**Stored items:**
—————
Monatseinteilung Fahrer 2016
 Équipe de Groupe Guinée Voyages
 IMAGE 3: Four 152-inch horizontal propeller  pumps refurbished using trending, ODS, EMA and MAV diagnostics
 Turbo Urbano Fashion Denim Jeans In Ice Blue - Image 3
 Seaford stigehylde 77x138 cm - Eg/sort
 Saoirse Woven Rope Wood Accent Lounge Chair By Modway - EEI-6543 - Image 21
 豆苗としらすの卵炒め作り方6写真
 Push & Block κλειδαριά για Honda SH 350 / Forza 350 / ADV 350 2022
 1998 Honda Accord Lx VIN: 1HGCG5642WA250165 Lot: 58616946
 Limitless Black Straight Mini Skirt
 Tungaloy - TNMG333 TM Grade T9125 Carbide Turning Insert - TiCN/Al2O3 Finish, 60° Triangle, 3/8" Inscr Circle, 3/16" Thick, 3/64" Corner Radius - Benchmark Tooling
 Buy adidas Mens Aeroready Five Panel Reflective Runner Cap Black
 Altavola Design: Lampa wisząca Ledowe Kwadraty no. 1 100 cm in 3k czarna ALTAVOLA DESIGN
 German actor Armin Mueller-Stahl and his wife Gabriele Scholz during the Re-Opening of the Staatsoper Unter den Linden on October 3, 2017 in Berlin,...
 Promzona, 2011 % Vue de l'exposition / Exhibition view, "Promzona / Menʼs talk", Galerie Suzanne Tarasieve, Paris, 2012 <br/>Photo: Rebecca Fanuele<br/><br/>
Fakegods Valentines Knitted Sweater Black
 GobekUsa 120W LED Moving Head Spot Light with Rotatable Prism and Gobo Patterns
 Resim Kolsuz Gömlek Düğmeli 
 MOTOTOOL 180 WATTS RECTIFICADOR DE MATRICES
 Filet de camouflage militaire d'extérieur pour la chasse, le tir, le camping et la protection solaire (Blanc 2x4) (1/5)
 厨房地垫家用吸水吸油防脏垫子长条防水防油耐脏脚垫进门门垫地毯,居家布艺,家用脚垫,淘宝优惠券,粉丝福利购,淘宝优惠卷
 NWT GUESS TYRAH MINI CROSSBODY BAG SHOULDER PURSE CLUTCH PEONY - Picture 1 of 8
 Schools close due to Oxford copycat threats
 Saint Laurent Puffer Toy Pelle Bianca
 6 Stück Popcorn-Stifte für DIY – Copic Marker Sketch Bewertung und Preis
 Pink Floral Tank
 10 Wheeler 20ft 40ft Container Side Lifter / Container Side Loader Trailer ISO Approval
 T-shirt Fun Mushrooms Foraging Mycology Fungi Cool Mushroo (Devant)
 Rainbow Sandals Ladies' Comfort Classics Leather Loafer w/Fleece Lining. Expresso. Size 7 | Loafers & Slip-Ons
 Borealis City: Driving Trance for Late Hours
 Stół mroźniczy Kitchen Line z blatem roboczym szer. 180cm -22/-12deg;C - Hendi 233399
—————
**Exercise brief:**
Using the records above, please retype only the run of lines from the line holding "NWT GUESS TYRAH" through the last line, both ends included.

**The completed task:**
 NWT GUESS TYRAH MINI CROSSBODY BAG SHOULDER PURSE CLUTCH PEONY - Picture 1 of 8
 Schools close due to Oxford copycat threats
 Saint Laurent Puffer Toy Pelle Bianca
 6 Stück Popcorn-Stifte für DIY – Copic Marker Sketch Bewertung und Preis
 Pink Floral Tank
 10 Wheeler 20ft 40ft Container Side Lifter / Container Side Loader Trailer ISO Approval
 T-shirt Fun Mushrooms Foraging Mycology Fungi Cool Mushroo (Devant)
 Rainbow Sandals Ladies' Comfort Classics Leather Loafer w/Fleece Lining. Expresso. Size 7 | Loafers & Slip-Ons
 Borealis City: Driving Trance for Late Hours
 Stół mroźniczy Kitchen Line z blatem roboczym szer. 180cm -22/-12deg;C - Hendi 233399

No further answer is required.